Two Rules for Random Testing


When you run a test case on a piece of software, you’re conducting an experiment where the null hypothesis is “the system under test correctly executes this test.” The problem is that the value of each such experiment is small because there are so many possible inputs. Random testing has a stronger null hypothesis: “the system under test correctly executes as many generated test cases as we have time to run.” The idea is to explore parts of the space of possible system inputs that a human wouldn’t think to test. This leads us to:

Random Testing Rule 1: Err on the side of expressiveness by prohibiting the generation of as few (legal) inputs as possible.

In other words, a better random tester is one that will — given time — explore a larger part of the input space. Expressiveness, however, can be difficult to achieve:

  1. It is easy to fail to notice parts of the input space that should be explored. How many of us know all of Linux’s system calls? All of C’s trigraphs? All of GNU C’s inline assembly directives?
  2. Some valid inputs are very hard to distinguish from invalid inputs. For example, assume that we’re attempting to generate random JavaScript programs that terminate. See the problem? On the other hand, often there are shortcuts — maybe we can just kill the apparently non-terminating programs after a timeout. In other cases, the system under test can itself tell us whether an input is valid.

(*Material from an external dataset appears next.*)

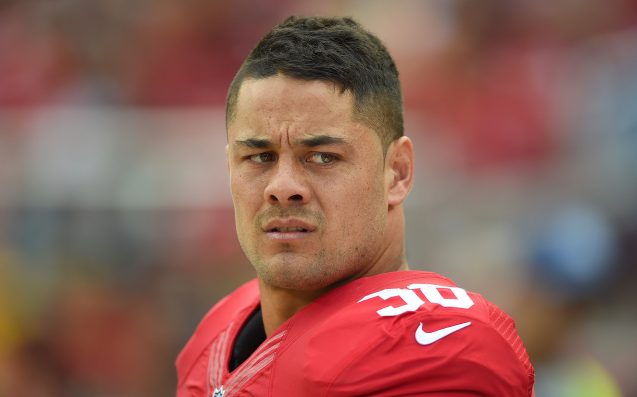 Jarryd Hayne accused of rape during National Football League stint in United States civil lawcuit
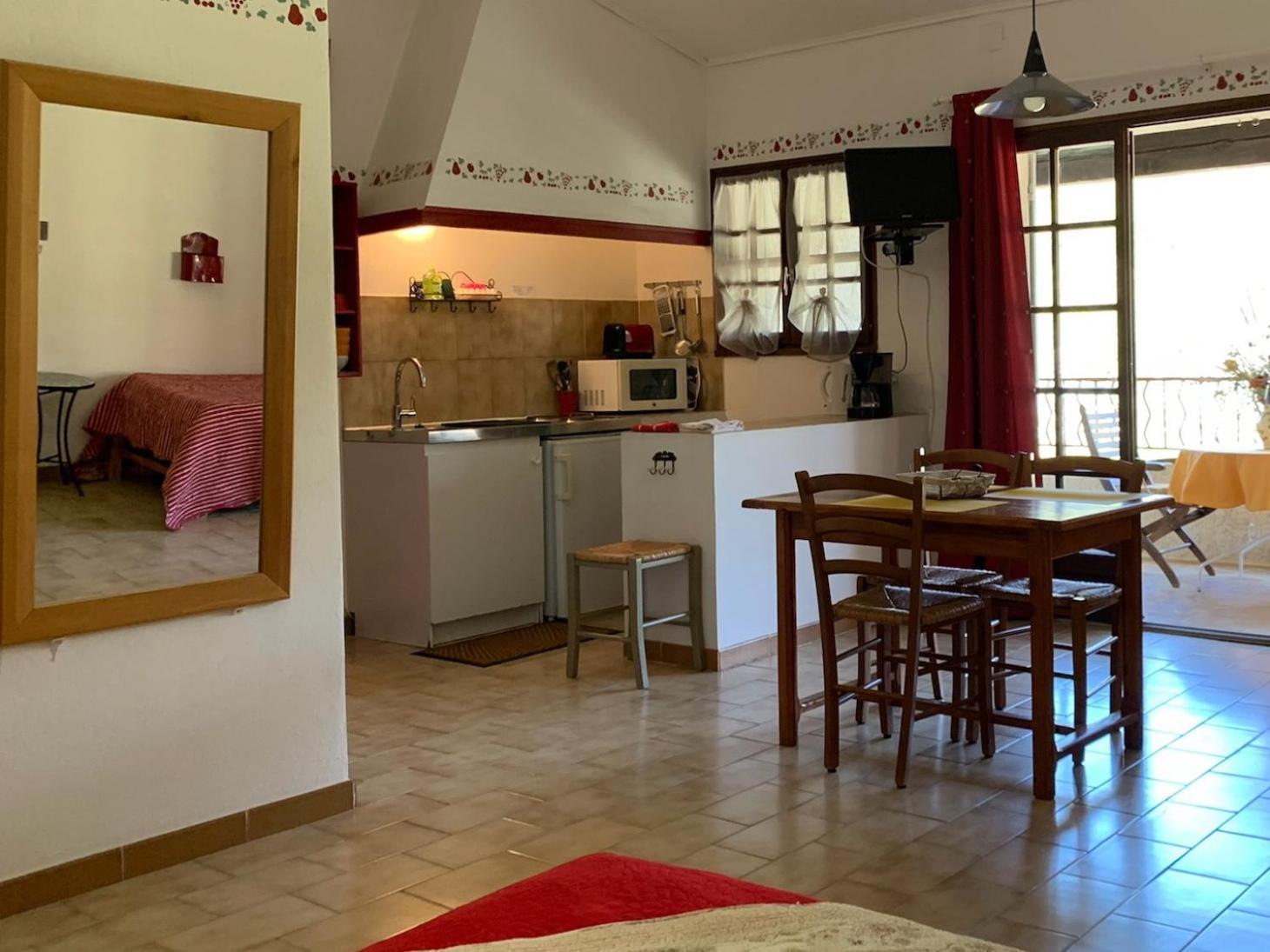 Gite La Loge 142 Route De Carpentras 84210 Venasque Zewnętrze zdjęcie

Of course, expressiveness isn’t the whole story for random testing. For example, we can generate all possible JavaScript programs by generating random bit strings. However, if we actually do this we’ll waste almost all of our testing time generating bit strings and getting them rejected by the same tiny part of the JS lexer. This observation leads us to:

Random Testing Rule 2: Restrict the expressiveness of generated programs as needed to achieve effective testing.

Trivially, the random bit string generator was too expressive to be an effective tester for a JavaScript implementation. Similarly, if I’m testing a new, buggy floating point optimization pass for a compiler, simply turning off integer variables in the test case generator may be the way to proceed. In general we must shape the inputs so that they exercise the right parts of the system under test.

Good taste is required to distinguish between parts of the input space that are germane vs. those that are irrelevant. For example, there is a large family of JavaScript programs differing only in choice of identifier names, and another large family differing only in choice of floating point constants. These sub-spaces of the input space probably do not need to be explored deeply because they are not tightly connected to the difficult logic in a JS VM. On the other hand, see here for a story about a magic FP constant that hangs PHP on certain platforms.

Summary: Good random testing is achieved by balancing the tension between too much and too little expressiveness in the test case generator.

,

One response to “Two Rules for Random Testing”

  1. Somewhere in here, there is a connection to different levels of semantics: strings in the language grammar; well-behaved programs; language idioms; design patterns; and the meaning of the program at hand.

    I wonder if it would be interesting and/or worthwhile to write a random program generator whose “grammar” was built *entirely* on programming language idioms, and not merely on the grammar of well-behaved programs. This sounds like a fun project.